If you multiply the given polynomial by $(1+x)^2$ you get $q(x)=x^{12}+12x+11$.
Of course we have a double root at $x=-1$ and $q(x)$ is a convex function since $q''(x)\geq 0$.
Since $x=-1$ is the only real root of $q'$, $q(-1)=0$ is an absolute minimum for $q(x)$ and $q(x)$ does not vanish over $\mathbb{R}\setminus\{-1\}$. It follows that the original polynomial has no real zeroes.

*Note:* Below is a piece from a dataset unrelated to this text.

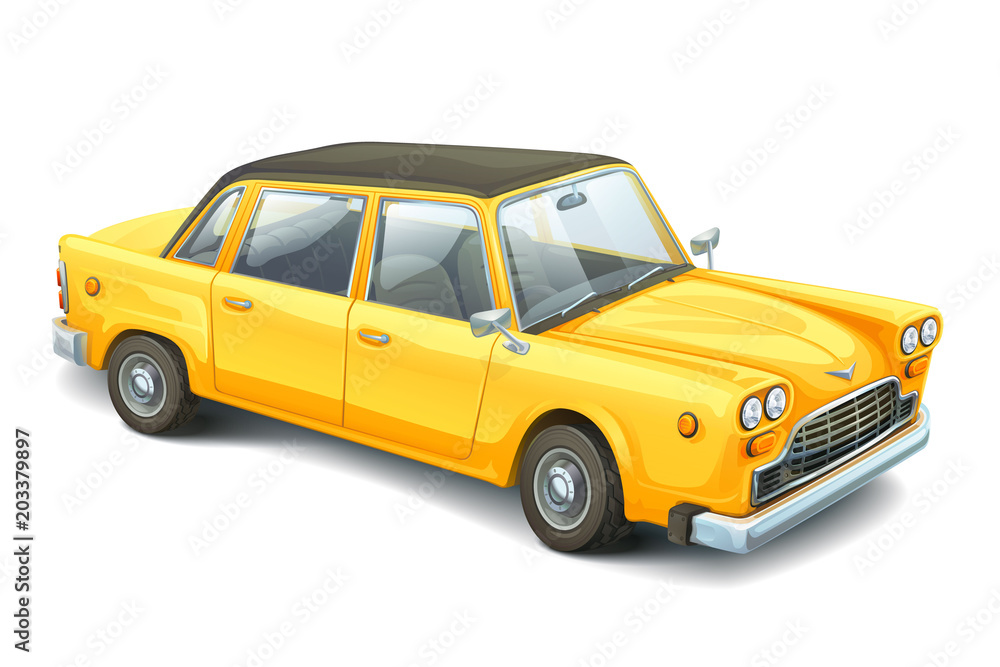 Yellow retro style cartoon car.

Let's consider the polynomial from the link, $p(x)=x^{10}-2x^9+3x^8-4x^7+5x^6-6x^5+7x^4-8x^3+9x^2-10x+11$. Then, $q(x)=(x+1)^2\,p(x)=x^{12}+12x+11$. This is certainly positive for large enough $x$. The only zero of the derivative is $x=-1$, where $q(x)=0$. This must be the global minimum of $q$, so it takes only non-negative values, and is $0$ only for $x=-1$. This means $p(x)>0$ for all $x$.